Caroline Wozniacki over Danielle Collins
Caroline Wozniacki is a former world No. 1 player, and a Grand Slam champion having won the Australian Open in 2018, and reached the finals in the 2009 U.S. Open and the 2010 WTA Tour Championships to Kim Clijsters, and the 2014 U.S. Open to Serena Williams. Collins’ only claim to fame are her two NCAA Women’s singles championships, but nothing of note on the pro Tour. They’ve played once, in the first round of last year’s French Open when Wozniacki handled the American 7-6, 6-1. Wozniacki is not as sharp as she has been as she’s been having her share of injuries and comebacks. In fact, just last week she was pushed into retiring from her match with Alize Cornet while down 3-0 because of the aggravation of a pre-existing low back injury. Ranked No. 12 currently, Wozniacki is the better player, but if the Dane is the least bit injured, Collins, a true fighter, will sense blood and bring out all the guns in her arsenal.

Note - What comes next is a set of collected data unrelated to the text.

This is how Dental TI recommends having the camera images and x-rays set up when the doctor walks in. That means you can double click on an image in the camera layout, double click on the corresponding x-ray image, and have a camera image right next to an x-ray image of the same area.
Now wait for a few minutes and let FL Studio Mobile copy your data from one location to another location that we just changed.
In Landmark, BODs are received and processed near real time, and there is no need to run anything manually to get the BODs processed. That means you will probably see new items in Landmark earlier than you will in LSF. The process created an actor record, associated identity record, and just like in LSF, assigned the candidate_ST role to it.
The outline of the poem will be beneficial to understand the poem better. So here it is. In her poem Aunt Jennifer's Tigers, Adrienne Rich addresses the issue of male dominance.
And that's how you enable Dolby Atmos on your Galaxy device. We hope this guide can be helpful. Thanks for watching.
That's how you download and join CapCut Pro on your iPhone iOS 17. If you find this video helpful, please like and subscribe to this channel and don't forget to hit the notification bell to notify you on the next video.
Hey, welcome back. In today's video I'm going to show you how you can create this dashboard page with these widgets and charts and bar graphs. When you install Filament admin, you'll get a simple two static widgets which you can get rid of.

Should Collins play a wounded warrior, the American will win. If Woz is healthy, Collins stands very little, if any, chance.

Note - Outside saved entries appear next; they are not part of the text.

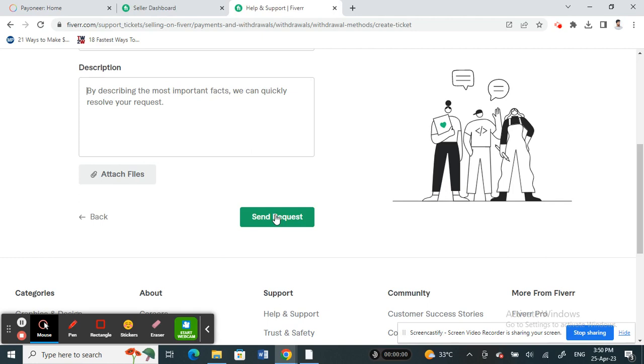That's pretty much it. That's how you can remove Payoneer from your Fiverr. Hope this video is helpful. I will see you guys in another video. Thank you.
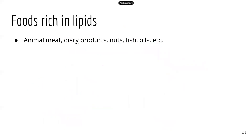Foods rich in lipids include things you're very familiar with: meat, dairy products, nuts, fish, and oils.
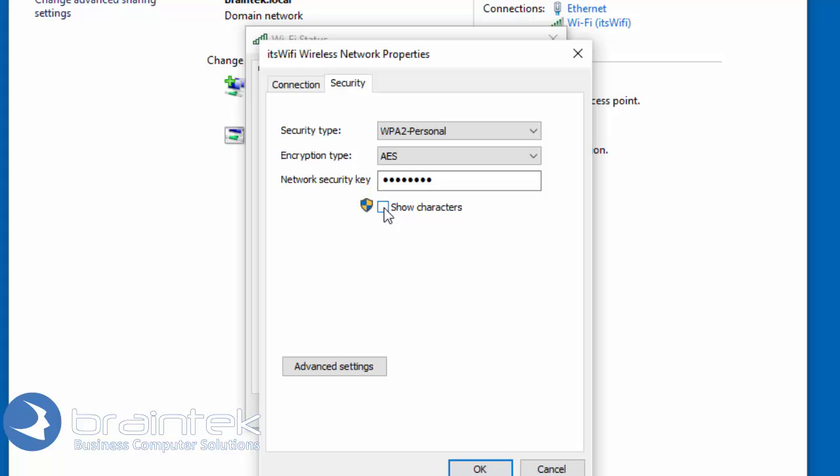So all I have to do is click Show Characters. Now if the computer requires a password, this shield indicates it's going to prompt for that. So I click on that, and it displays our password. Now I can give that off to my colleagues and friends.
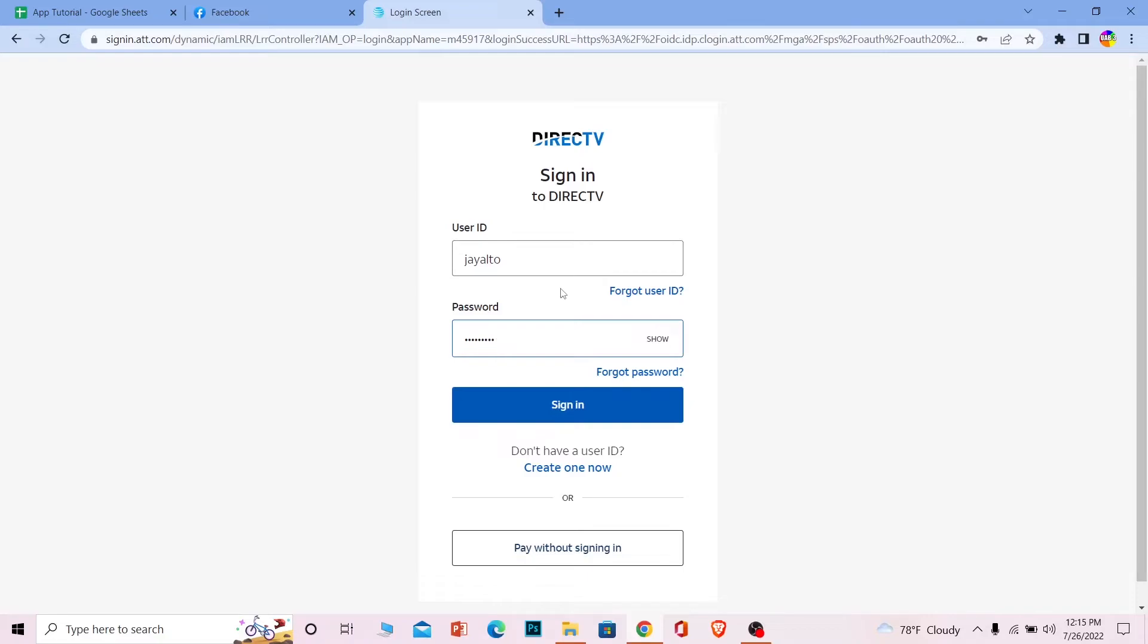It's that simple. And if you want to log in without paying, then you can click on pay without signing in. It's another method of signing in. You can try this as well, but if you have account you can try this method, you don't have to go in this one.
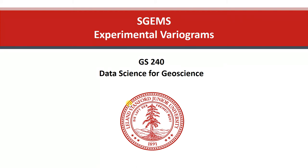In this session on SGEMS, I'll be presenting methods for calculating experimental variogram, both for irregularly spaced data as well as regularly spaced gridded data.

Belinda Bencic over Anastasija Sevastova
Belinda Bencic entered Rome with a YTD 26-9 record while 12th seeded Anastasija Sevastova is 13-11. Last week on her way to the semis in Madrid, Bencic beat Alison Van Uytanck 4 and 3, Svetlana Kuznetsova 6-3 in the third, Kateryna Kozlova 0 and 2, and world No. 1 Naomi Osaka 7-5 in the third. By reaching the semis and falling to Simona Halep in three, Bencic took home 312,215 Euros along with the all important 390 ranking points that pushed her up to No. 15 in the world. Sevastova, on the other hand, is ranked No. 13 after a week in which she took out Kristen Flipkens and Mihaela Buzarnescu before falling to eventual champion Kiki Bertens in the Round of 16. Based on YTD records, momentum, and intuition, I like Bencic to take out Sevastova and leapfrog her in the rankings.

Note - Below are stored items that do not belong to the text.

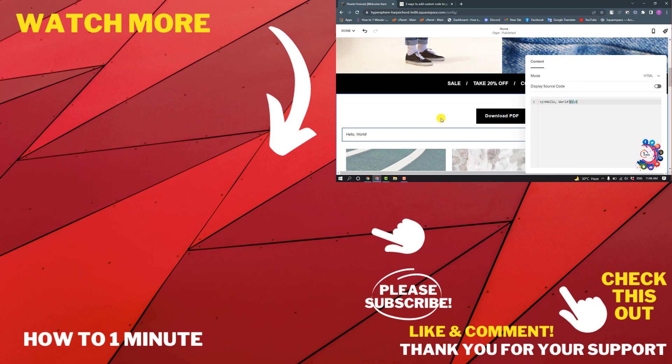So these are three ways we can add custom codes on Squarespace. If you want to see more Squarespace videos, please check the links in the description. If this video helped you, give a thumbs up and please consider subscribing to How To 1 Minute. Thank you for watching.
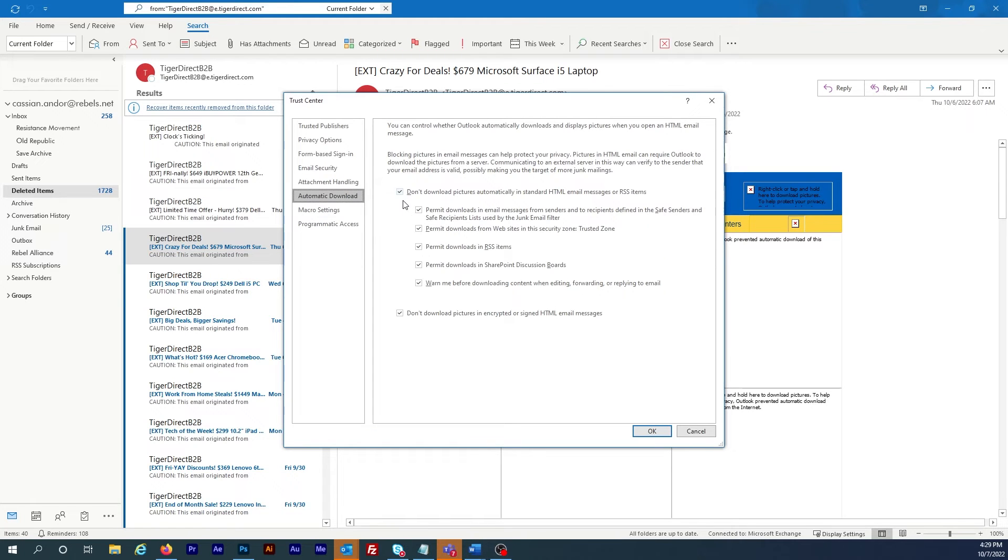Here, uncheck the box next to where it says Don't Download Pictures Automatically. I could just uncheck the individual rules below but I recommend turning them all off at once.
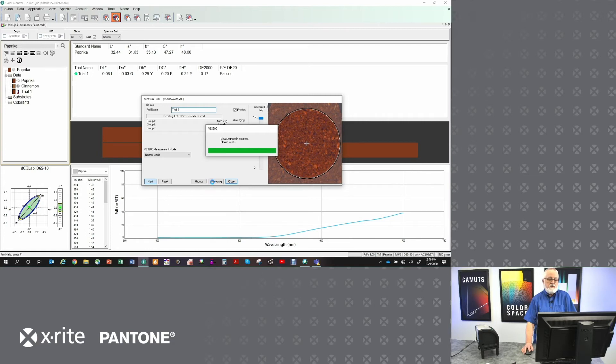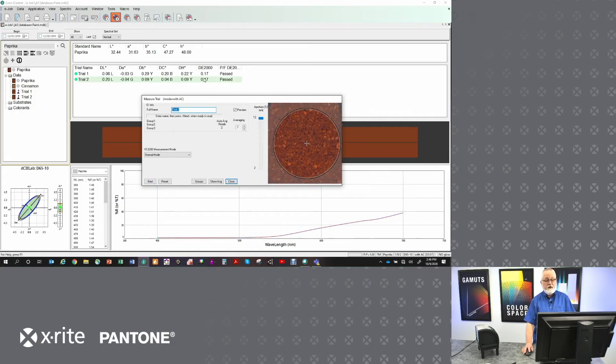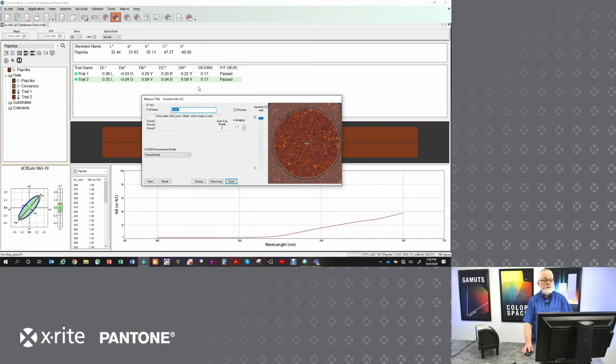But when it's done, I'm going to get color difference very similar to the previous measurement. They're both 0.17 Delta E 2000 away from the color standard.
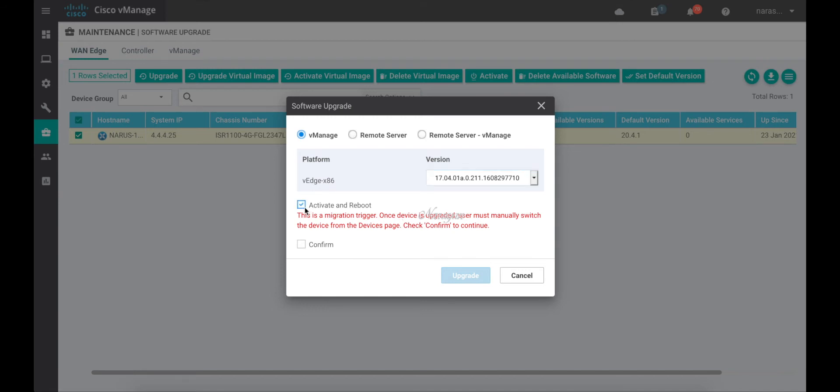Now if you click upgrade, the vManage will push the new software, migrate the Viptela OS configuration to a base XE configuration for the device, and then it will be able to connect to the controllers with the XE SD-WAN.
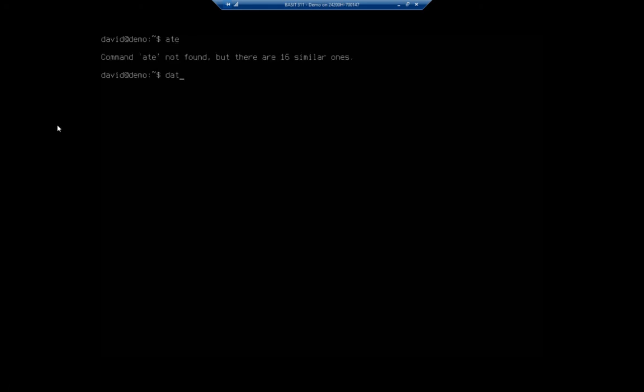So I'm going to start by pulling up my date. And when I type date, not eight, it will show me my date and time. Now, this is 9:46. It's actually 1:46 p.m.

Marketa Vondrousova over Barbora Strycova
Marketa Vodrousova, the 19-year-old from the Czech Republic, has a 3-0 record over Barbora Strycova, her 33-year-old countrywoman who now lives in Dubai. They’ve even played twice this year, both on clay and hard courts, with Vondrousova winning both without dropping a set. Just as important, or perhaps more importantly, Vondrousova is 19-5 YTD, while Strycova sports a 2019 record of only 10-10. If all these numbers speak, they say that Vondrousova will take this match.

Daria Kasatkina over Irina-Camelia Begu
You probably don’t know either of these players, so there’s only one fact that means anything when picking this match. Kasatkina, a 22-year-old Russian, holds a 6-1 record over Begu, a 28-year-old Romanian. That says all that needs to be said.